Wednesday, September 19, 2007

Dragonflies

I live in a world of incredible suffering and stunning beauty.

As the tall grass itches the backs of my calves I let myself down to the ground. I slip off my white and orange Crocs and use them as a mat. The soccer match is already underway.

The agility, grace and power of the players makes me forget their ages until halftime when the team sporting white t-shirts with their names handpainted on the back rushes by me and past the church yelling my name and shouting "lapia". It's then I remember they're just little kids.

They come back skipping, laughing and smiling, each with a half-eaten, half-ripe guava in hand ready for the second half.

There is not a single artificial sound to be heard. Just the gentle rustle of the breeze in the drying out remnants of the millet harvest, the distant shouts and babble of the kids joking in Nangjere and the buzz of a million dragonfly wings.

I let my focus drift off the obvious, sprawling lushness of the rainy season African bush and onto what hovers between earth and sky so startingly blue it almost hurts to the hundreds of seeming motionless hovering dragonflies. They are evenly spaced about a meter apart and at seemingly haphazard levels that nonetheless give a sense of order in some weird mathematical way.

The light has taken on that quality one only finds right before it sets low enough to turn color but after it's reached it's peak where it shines directly. The billowing white clouds make a perfect canvas to reflect the brilliance of the sun's perfect angle and to mute it just so it brings out everything in a sharpness of detail not noticed as absent until it rarely presents itself.

I feel transported to another time and another place. A time and a place where I wasn't watching babies die every day. A time and a place where it's almost unheard of for a woman to have lost a child tragically. A time and a place where I wasn't the only doctor for hundreds of thousands of the poor and suffering. A time and a place where I don't feel overwhelmed almost constantly. A time and a place that for me is a fading memory reawakened occasionally by miraculous, dragonfly filled moments.

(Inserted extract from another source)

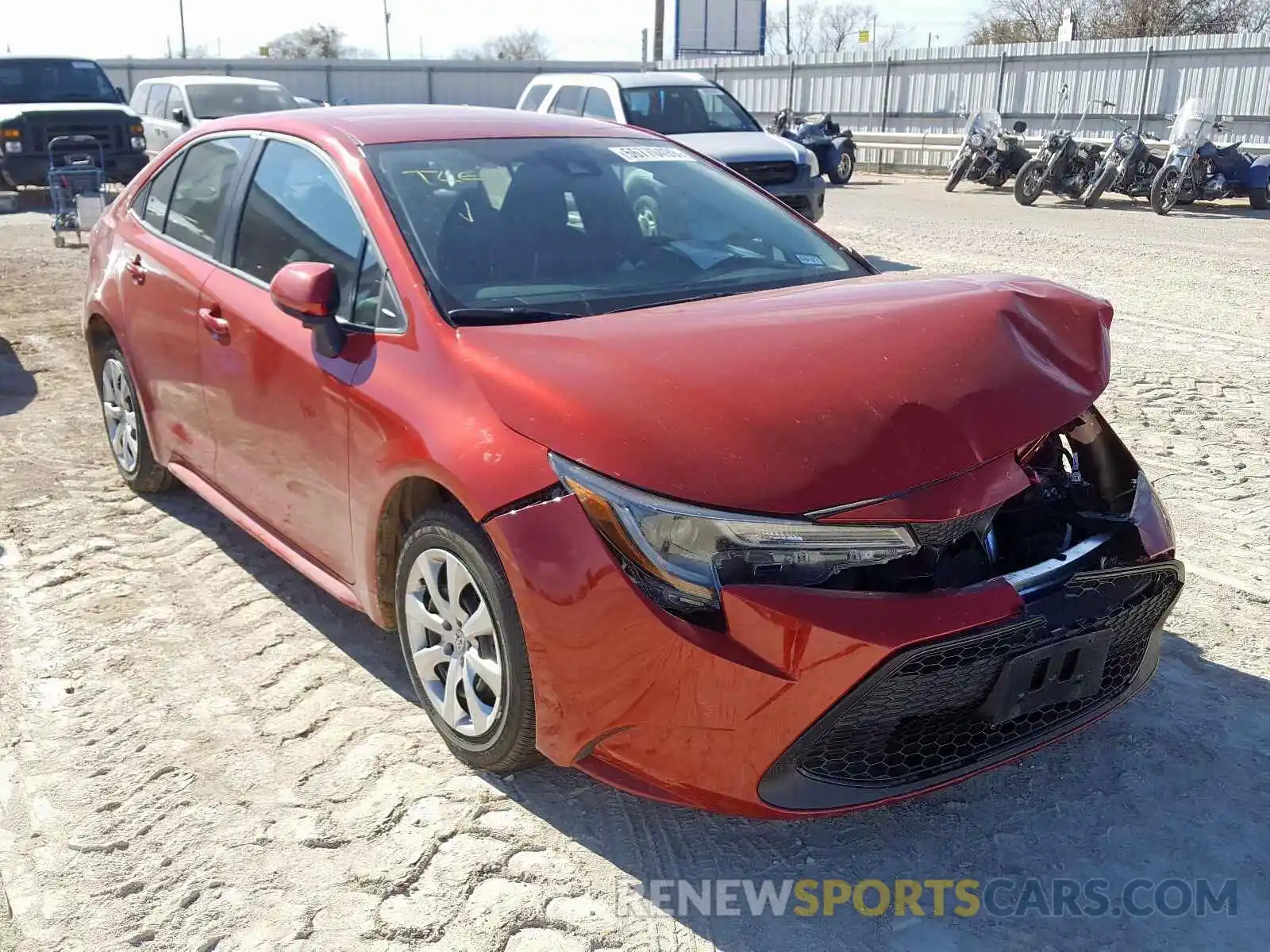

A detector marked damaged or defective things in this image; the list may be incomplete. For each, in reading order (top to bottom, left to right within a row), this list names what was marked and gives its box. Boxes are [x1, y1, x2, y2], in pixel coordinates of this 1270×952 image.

crumpled hood [670, 130, 810, 166]
damaged red toyota corolla [87, 104, 1181, 819]
crumpled hood [457, 271, 1111, 517]
broken front bumper [483, 473, 1181, 819]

As the kids resume their match, some older boys start a small circle of soccer "foreplay". Each one takes the ball and bounces it off a knee, or feet several times, maybe a head bump or two and then passes it to the next guy...hopefully without ever letting the ball touch the ground.

Four younger kids are alternately sprawling around, rolling back and forth and chasing a tiny, pink, half-deflated ball back and forth.

All the children on the field (and off) are barefoot except for one who looks like he's wearing army boots and socks three sizes to big. The score is one to one.

Behind me, I notice a newcomer on the scene. A boy about 12 or 13 years old. He's crippled. He has a single homemade wooden crutch. One leg is severely shortened causing his whole body to swerve and lean. Somehow, he still manages to join the boys in their game, kicking the ball around with both feet as he hops around on his crutch.

I call Tabegue, Samedi's nephew, over and tell him I want to talk to the handicapped kid.

His story is tragic, yet all to common here in Tchad.

In 2002, he was just running and then felt his leg "give way". According to him, it was "out of joint". He had many traditional bone setters try and put it in, but it never healed right and he's been crippled ever since.

I have him lie on the ground as all the kids not playing in the match gather quickly around to watch. His left knee is about 10 inches shorter than his right. His left lower leg is normal. His hip has a surprising range of motion, but there is a bony mass sticking up, out and back.

What probably happened is something that in the developed world would be operated on right away with a few pins and six weeks later he'd be back walking hardly knowing that if he'd been born in a different country, he'd be handicapped for life.

I tell him to come see me the next day at the hospital. I hope to be able to help him.

He still hasn't shown up...but the dragonflies hover on.